Del Estado de Derecho emanado de una ley no sólo escrita en el papel, sino de una ley efectiva que dé a los ciudadanos certeza y confianza en los procesos controversiales que se puedan suscitar o se susciten. Si el trabajo o el servicio prestado se producen en un régimen sin leyes, sin Estado de Derecho actuante y eficaz, el trabajo dará al traste. Nada de lo que se haga podrá servir para hacer a la persona próspera si su trabajo no está tutelado por leyes que se hagan cumplir y que se cumplan de forma justa y equitativa.
¿Cómo se puede entonces prosperar en forma individual y colectiva en un país si el trabajo de unos y otros no se desempeña bajo un Estado de Derecho? Si la ley es realmente letra muerta, la prosperidad de algunos o de muchos tendrá por cierto que ser ilegítima y medrará por todos lados. Las fortunas habidas entonces dejarán entre los ciudadanos un muy mal sabor de boca. Tendrán un substrato de injusticia y de inequidad: serán mal habidas seguramente.
El trabajador consciente de su trabajo bien hecho se sentirá por ello mismo trabado en una maquinaria en la que campea la injusticia impidiéndole prosperar.
Pensemos en un negocio cualquiera. El dueño del mismo, hoy quizá próspero -de acuerdo al concepto de prosperidad citado- seguramente debió lidiar a troche moche contra ineficiencias, corruptelas, abusos, intolerancias, chicanadas y mil y una formas posibles de hacerle “complicado” el salir adelante por parte de la o las autoridades correspondientes. Él mismo, aunque siempre con trabajo, debió recurrir al mismo tipo de maniobras para sortear el accidentado camino hacia la prosperidad. Este es el resultado de la lucha en el trabajo que se libra día con día a causa del substrato y fermento que, en nuestra sociedad, deja un Estado de Derecho cuestionable.

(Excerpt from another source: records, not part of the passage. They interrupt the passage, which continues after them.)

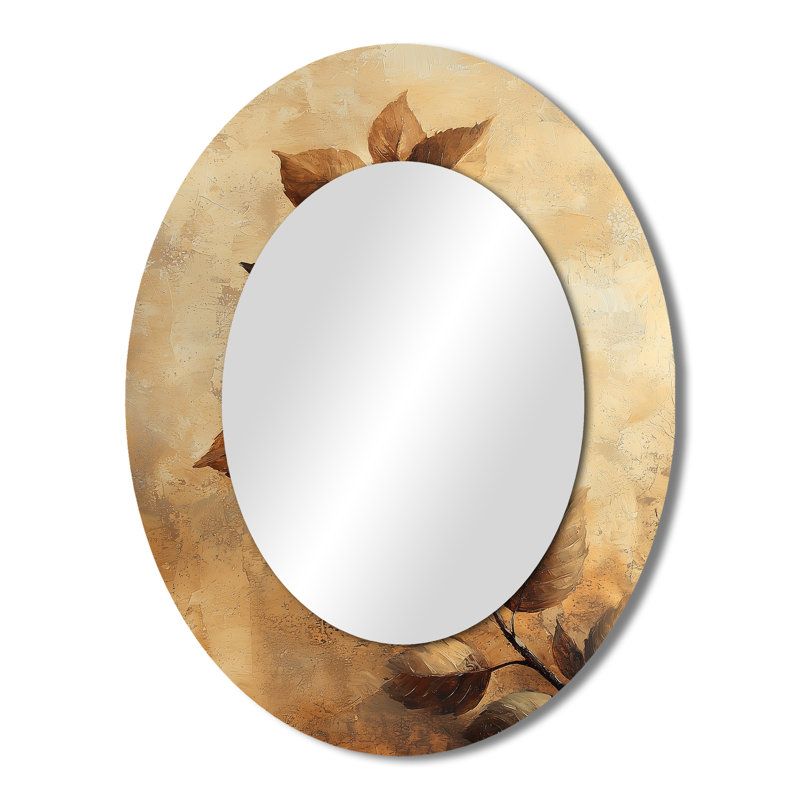 Miroir mural brun, 43 po x 33 po
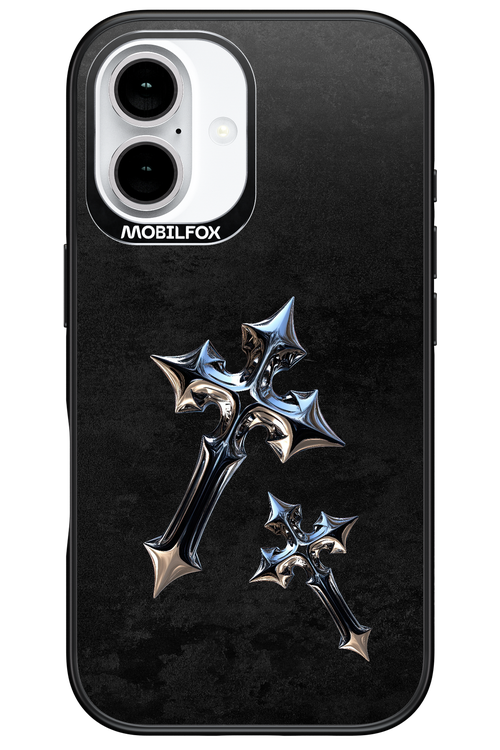 Chrome Crosses - Apple iPhone 16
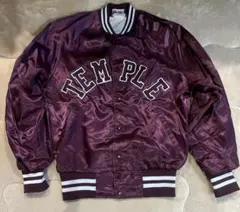 TEMPLE スタジャン バーガンディ ナイロンジャケット　S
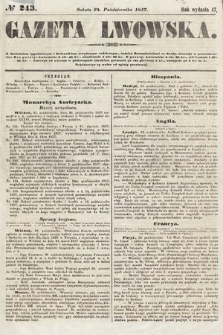 Gazeta Lwowska. 1857, nr 243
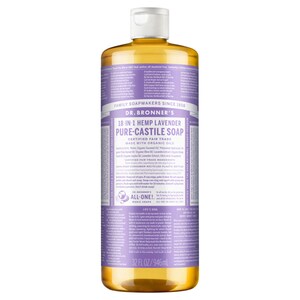 Dr Bronners Pure Castile Liquid Soap Lavender 946Ml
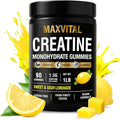 Creatine Monohydrate Gummies 1500 mg – Sweet &amp Sour Lemonade Chewable – Pre-Workout for Strength &amp Muscle Support – Vegan Sugar-Free &amp Halal – for Men &amp Women – 90 Gummies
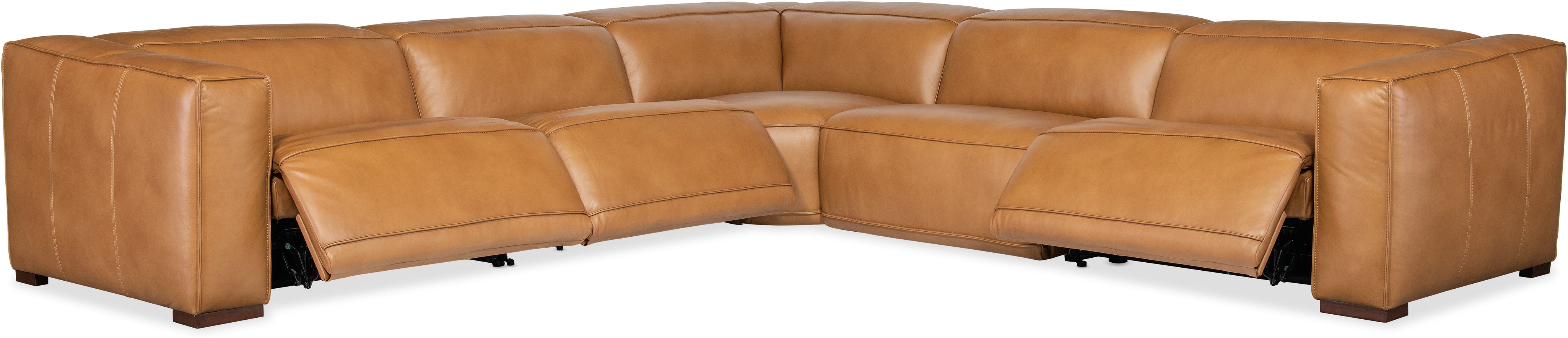 Fresco 5 Seat Sectional 3-PWR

Prosperamos sí, pero prosperamos a la décima parte de lo que podríamos prosperar si todos nos ajustáramos y viviéramos en un verdadero Estado de Derecho.

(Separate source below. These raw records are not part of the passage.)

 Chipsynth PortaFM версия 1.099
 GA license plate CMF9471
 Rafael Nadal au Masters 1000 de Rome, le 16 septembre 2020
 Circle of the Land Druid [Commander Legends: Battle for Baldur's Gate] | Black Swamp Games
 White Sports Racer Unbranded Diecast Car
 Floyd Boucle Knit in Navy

Debemos entonces, y ésta es la propuesta, asumir el compromiso de trabajar, y con ello prosperar, luchando y propugnando a la vez por la valía de las leyes, en orden, con disciplina, reconstruyendo el Estado de Derecho tan deseable en México para poder allanarnos el camino hacia la prosperidad legítima, bien habida. Un Estado de Derecho a su vez, bien consolidado y respaldado por todos nos librará en forma progresiva de la corrupción, el cáncer social que se nutre del derecho mermado, de la ley omisa, la ley equívoca o la ley escrita en letra muerta.